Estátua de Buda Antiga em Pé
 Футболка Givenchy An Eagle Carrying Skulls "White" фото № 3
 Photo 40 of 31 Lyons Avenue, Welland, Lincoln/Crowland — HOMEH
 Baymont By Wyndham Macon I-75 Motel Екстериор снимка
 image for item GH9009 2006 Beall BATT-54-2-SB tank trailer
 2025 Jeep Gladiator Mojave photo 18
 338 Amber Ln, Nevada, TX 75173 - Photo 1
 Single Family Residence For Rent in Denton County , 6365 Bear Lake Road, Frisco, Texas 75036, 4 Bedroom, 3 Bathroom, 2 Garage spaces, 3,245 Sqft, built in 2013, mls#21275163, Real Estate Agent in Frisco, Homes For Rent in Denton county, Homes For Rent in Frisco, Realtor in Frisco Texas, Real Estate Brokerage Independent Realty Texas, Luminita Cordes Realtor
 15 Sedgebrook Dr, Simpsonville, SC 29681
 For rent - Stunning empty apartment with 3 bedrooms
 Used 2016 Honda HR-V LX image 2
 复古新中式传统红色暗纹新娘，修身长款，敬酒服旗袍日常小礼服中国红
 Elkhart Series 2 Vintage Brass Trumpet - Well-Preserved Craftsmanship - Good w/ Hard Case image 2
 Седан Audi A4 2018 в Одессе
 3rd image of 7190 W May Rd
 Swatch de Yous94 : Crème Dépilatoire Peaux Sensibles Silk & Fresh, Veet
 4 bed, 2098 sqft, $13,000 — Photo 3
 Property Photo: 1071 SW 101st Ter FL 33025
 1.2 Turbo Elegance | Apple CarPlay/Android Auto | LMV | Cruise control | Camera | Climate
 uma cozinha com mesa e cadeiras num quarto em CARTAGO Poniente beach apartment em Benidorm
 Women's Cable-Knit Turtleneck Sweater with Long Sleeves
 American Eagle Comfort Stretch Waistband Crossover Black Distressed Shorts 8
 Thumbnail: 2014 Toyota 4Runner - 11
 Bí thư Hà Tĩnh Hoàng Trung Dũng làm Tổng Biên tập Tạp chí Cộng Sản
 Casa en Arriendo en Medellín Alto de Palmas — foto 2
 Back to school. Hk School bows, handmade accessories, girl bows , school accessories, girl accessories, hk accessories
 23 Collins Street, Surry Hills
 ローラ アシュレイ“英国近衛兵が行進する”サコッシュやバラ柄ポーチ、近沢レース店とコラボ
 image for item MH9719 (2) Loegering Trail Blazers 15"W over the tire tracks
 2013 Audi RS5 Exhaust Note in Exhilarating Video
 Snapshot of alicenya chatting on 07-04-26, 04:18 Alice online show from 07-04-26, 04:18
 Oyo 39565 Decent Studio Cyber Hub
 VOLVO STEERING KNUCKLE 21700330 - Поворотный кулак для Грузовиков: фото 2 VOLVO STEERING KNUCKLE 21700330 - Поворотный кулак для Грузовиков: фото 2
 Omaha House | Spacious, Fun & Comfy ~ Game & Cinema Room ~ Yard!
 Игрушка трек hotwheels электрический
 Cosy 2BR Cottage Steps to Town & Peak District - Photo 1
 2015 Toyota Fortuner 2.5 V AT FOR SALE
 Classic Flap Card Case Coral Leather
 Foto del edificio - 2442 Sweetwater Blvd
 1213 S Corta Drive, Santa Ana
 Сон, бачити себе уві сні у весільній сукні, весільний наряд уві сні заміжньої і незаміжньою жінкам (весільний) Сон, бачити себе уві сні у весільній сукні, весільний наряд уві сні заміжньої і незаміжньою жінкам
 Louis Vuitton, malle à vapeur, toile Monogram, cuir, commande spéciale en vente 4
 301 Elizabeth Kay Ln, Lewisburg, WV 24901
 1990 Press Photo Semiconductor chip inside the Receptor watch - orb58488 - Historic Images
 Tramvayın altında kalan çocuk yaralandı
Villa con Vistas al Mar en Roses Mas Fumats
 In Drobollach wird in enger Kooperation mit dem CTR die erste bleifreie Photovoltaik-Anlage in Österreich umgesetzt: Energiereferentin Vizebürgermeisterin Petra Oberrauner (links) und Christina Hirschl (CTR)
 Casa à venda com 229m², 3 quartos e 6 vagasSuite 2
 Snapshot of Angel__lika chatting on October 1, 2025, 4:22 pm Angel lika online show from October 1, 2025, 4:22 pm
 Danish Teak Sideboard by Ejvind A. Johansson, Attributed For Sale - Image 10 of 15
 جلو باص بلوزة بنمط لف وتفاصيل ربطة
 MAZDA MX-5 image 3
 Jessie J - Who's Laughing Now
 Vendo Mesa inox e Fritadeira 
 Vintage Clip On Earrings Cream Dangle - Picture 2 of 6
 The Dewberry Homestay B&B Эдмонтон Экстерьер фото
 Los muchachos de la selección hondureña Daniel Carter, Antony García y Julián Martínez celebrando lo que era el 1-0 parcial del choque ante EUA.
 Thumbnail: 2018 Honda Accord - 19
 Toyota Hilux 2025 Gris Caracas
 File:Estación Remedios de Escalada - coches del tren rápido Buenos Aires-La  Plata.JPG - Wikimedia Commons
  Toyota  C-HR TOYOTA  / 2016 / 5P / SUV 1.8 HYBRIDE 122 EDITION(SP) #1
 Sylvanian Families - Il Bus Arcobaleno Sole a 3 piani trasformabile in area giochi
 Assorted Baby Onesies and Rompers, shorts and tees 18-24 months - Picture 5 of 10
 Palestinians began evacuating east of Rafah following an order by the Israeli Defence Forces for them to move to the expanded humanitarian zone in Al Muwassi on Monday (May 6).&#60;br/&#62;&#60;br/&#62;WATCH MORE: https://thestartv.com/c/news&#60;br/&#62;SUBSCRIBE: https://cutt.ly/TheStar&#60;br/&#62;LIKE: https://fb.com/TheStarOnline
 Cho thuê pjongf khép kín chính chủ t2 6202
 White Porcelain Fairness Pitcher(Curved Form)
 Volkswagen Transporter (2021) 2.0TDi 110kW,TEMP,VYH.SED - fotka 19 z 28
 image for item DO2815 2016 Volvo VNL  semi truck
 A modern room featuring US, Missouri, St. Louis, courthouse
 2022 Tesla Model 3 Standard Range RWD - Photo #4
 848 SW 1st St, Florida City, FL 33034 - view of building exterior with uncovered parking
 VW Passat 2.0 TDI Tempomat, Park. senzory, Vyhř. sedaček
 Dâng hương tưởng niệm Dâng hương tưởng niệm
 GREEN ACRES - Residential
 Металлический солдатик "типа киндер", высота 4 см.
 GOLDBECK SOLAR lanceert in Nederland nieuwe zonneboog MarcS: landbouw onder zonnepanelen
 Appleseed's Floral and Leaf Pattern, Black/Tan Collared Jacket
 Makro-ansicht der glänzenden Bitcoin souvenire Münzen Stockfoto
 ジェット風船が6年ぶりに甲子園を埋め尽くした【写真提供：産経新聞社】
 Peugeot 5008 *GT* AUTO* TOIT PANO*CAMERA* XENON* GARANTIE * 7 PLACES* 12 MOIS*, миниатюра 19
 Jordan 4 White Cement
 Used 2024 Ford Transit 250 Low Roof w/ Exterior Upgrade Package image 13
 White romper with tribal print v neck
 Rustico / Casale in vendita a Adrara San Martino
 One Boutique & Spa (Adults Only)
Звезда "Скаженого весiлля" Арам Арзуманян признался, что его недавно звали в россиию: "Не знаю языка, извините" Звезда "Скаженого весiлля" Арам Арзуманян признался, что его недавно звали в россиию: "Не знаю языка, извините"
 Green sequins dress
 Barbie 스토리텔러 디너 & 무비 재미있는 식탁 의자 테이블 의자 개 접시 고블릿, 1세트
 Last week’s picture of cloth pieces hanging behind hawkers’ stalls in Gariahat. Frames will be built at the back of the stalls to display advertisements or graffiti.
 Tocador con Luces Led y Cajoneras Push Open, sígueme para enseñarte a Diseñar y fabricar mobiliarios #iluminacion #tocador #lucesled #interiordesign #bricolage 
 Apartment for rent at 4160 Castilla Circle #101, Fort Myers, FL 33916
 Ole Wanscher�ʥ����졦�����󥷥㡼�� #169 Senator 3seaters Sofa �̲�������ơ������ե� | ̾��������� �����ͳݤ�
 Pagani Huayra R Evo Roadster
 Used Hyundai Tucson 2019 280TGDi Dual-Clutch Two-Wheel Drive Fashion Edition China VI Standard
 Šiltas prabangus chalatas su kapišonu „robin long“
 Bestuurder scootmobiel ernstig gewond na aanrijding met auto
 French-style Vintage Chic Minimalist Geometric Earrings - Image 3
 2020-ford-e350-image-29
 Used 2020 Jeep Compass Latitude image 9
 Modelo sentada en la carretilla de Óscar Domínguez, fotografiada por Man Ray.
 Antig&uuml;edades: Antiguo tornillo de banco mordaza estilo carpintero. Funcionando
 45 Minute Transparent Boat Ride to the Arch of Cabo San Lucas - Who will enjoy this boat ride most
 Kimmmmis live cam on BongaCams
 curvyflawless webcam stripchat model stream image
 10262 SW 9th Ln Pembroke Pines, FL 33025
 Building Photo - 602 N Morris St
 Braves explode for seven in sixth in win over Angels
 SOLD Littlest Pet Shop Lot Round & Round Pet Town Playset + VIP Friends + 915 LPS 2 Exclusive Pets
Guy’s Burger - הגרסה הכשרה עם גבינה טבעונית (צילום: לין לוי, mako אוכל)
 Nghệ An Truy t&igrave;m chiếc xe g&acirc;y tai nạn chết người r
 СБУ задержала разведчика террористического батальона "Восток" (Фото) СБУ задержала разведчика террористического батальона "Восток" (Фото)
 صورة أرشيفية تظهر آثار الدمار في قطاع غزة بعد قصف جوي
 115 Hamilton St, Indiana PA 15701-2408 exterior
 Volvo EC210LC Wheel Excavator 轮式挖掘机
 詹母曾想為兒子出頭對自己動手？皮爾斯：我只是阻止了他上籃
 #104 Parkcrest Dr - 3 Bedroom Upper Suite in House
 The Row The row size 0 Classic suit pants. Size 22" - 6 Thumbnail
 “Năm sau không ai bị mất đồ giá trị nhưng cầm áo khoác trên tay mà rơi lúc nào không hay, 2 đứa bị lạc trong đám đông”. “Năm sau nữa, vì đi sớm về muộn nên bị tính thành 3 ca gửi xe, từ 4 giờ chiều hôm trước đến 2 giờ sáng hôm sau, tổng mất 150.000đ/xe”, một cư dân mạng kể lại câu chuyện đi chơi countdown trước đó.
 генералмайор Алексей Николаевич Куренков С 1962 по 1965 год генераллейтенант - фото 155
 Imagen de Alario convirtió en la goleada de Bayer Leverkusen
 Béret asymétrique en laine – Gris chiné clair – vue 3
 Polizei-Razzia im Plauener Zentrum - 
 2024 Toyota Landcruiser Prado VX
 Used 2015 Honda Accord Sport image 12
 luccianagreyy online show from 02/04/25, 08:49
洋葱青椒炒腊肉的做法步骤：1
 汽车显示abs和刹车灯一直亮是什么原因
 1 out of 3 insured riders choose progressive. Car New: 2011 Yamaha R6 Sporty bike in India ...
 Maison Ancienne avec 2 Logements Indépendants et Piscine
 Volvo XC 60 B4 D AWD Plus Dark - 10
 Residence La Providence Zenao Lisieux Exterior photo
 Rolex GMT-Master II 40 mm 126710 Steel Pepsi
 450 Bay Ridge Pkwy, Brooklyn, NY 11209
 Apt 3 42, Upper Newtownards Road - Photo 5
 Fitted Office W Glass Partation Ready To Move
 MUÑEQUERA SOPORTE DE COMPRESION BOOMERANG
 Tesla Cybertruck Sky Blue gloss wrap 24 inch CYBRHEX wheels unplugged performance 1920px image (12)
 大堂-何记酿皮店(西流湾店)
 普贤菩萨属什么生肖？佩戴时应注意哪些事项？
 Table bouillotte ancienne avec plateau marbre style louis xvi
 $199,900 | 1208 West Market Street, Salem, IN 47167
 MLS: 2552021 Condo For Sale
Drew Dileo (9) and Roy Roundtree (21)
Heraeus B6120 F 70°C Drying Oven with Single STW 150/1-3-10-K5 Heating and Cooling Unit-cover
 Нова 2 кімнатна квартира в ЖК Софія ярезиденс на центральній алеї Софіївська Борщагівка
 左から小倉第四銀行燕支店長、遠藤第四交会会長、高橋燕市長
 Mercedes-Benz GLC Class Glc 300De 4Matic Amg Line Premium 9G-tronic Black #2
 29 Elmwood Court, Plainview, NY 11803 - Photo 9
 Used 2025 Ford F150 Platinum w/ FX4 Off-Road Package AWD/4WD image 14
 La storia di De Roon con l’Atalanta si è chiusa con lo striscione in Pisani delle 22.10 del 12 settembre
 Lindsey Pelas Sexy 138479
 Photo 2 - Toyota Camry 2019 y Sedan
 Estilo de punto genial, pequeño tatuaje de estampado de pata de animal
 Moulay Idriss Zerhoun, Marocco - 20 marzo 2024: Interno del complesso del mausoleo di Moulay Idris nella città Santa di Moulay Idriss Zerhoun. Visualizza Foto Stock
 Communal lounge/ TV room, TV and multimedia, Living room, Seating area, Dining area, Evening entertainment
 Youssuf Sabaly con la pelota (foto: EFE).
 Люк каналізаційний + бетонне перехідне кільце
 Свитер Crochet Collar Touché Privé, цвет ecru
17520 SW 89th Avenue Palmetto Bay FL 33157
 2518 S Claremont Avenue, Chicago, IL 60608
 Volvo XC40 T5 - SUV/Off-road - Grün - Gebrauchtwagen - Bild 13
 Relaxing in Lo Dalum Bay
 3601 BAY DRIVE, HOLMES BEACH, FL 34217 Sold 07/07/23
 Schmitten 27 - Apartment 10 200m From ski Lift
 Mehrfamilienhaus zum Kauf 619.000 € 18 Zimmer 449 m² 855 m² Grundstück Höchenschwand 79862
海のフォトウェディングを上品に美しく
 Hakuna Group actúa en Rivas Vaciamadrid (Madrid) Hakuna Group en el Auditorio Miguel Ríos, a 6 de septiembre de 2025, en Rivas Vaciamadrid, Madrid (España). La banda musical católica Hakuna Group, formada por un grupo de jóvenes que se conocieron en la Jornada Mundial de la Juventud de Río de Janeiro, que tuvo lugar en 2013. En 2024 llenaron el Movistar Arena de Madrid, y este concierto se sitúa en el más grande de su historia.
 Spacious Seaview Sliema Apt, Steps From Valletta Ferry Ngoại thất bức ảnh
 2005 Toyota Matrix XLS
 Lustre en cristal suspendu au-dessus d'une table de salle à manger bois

• Problem requirements
Quote the listing above, but only from the line that shows "Tesla Cybertruck Sky" through the line that shows "Heraeus B6120 F".

• Solution to this task
 Tesla Cybertruck Sky Blue gloss wrap 24 inch CYBRHEX wheels unplugged performance 1920px image (12)
 大堂-何记酿皮店(西流湾店)
 普贤菩萨属什么生肖？佩戴时应注意哪些事项？
 Table bouillotte ancienne avec plateau marbre style louis xvi
 $199,900 | 1208 West Market Street, Salem, IN 47167
 MLS: 2552021 Condo For Sale
Drew Dileo (9) and Roy Roundtree (21)
Heraeus B6120 F 70°C Drying Oven with Single STW 150/1-3-10-K5 Heating and Cooling Unit-cover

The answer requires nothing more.